Here’s the story of where responsibility lies to address the climate crisis in just 2 graphs.

First, let’s look at history.

The world’s richest countries have created more carbon emissions than other countries. The graph below shows the share of cumulative carbon emissions over history by the United States, China, and the United Kingdom, as well as by the countries Traidcraft Exchange works in – India, Bangladesh, Tanzania, and Kenya.

Countries which accrued their wealth in the 1800s and 1900s are responsible for the biggest share of the carbon emitted throughout history. The poorest countries in the world have hardly emitted any carbon.

We’ve chosen only a few countries to make the graph readable. The story is the same if you add other historically rich countries. The graph is a running total throughout history.

A graph showing that the United Kingdom created nearly all of the world’s cumulative carbon dioxide emissions in 1850. By 2017, the United Kingdom had created around 5% of the world’s cumulative emissions. The United States peaked at around 40% of cumulative global emissions in the 1950s and in 2017 was at 25%. Since the 1960s, China has started to create more of the world’s cumulative emissions, at around 12% by 2017. India has created around 3% of the world’s cumulative emissions.

Experiment with the source data for the graph.

What about today? What about trade?

You might be thinking that the UK is now a shining example of what an eco-friendly industrialised country should look like – and that China’s mass production of goods puts them at the other end of the spectrum.

Let’s look at a graph about trade. It points to one of the reasons why China emits a lot more carbon than the UK today.

Rich countries that have outsourced manufacturing import a lot more carbon per person than poorer countries.

A graph showing the carbon emissions imported or exported by several countries. The UK imports a lot more carbon per person than the United States, Kenya, Tanzania, Bangladesh, India, or China. China and India export carbon. Kenya, Tanzania, and Bangladesh export and import nearly the same amount.

Experiment with the source data for this graph.

International trade is just one of the causes of China’s carbon emissions. Other reasons include its enormous domestic market.

For its size, the UK imports a lot of goods where carbon was emitted during production. The UK imported just under half the carbon that the US did, but the UK’s population is a fifth of the USA.

The big question is whether the big importers and big exporters of carbon emissions can work together to reduce emissions.

Can China and other carbon exporters reduce the emissions embedded in the goods they produce and export?

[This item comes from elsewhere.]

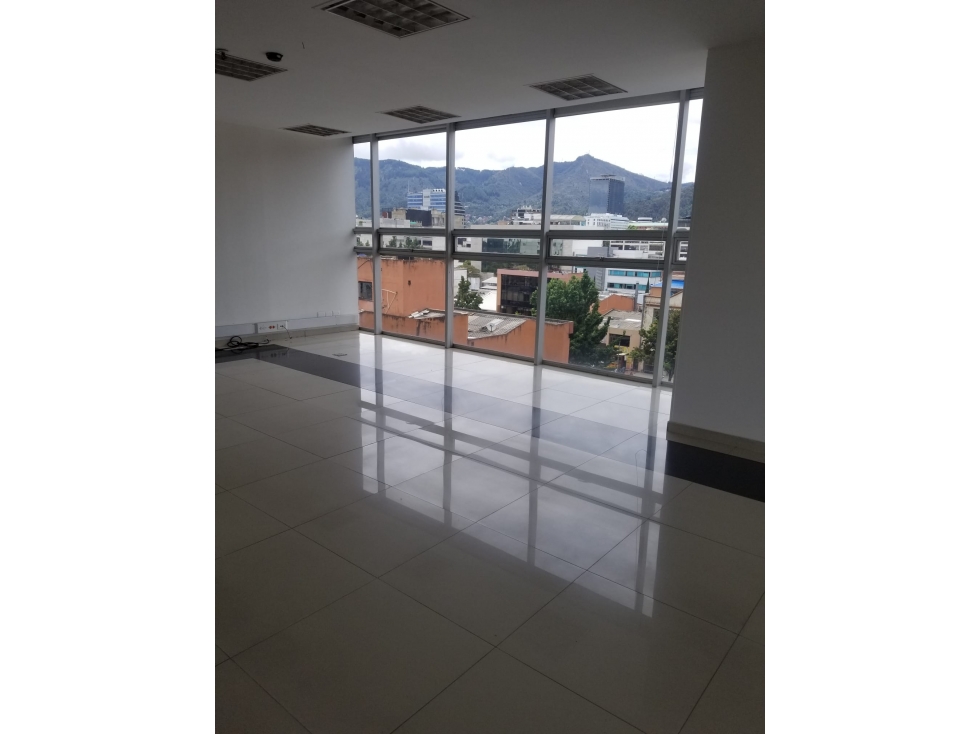 Edificio en Venta-Arriendo en Bogotá D.C. - Chico Norte Ii — foto 2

Can the UK and other countries in the global North provide support to countries that are still reliant on carbon intensive processes to make these more sustainable? And can the UK be more honest about the scale of the problem of embedded emissions in products that we import?

One approach the UK could take would be to set a target to reduce imported emissions. The UK already has a target around domestic emissions. Care would be needed to ensure a just transition and not just to cut off poorer countries. The UK should support industrialising countries to make their processes cleaner rather than just refusing to trade with them.

One thing is clear. Extreme weather caused by carbon emissions hits the world’s poorest countries hardest. Those countries need action by the world’s richest countries to reduce the emissions they are responsible for, including emissions embedded in imported goods. The responsibility for change lies with everyone – but the world’s richest countries carry the greatest share.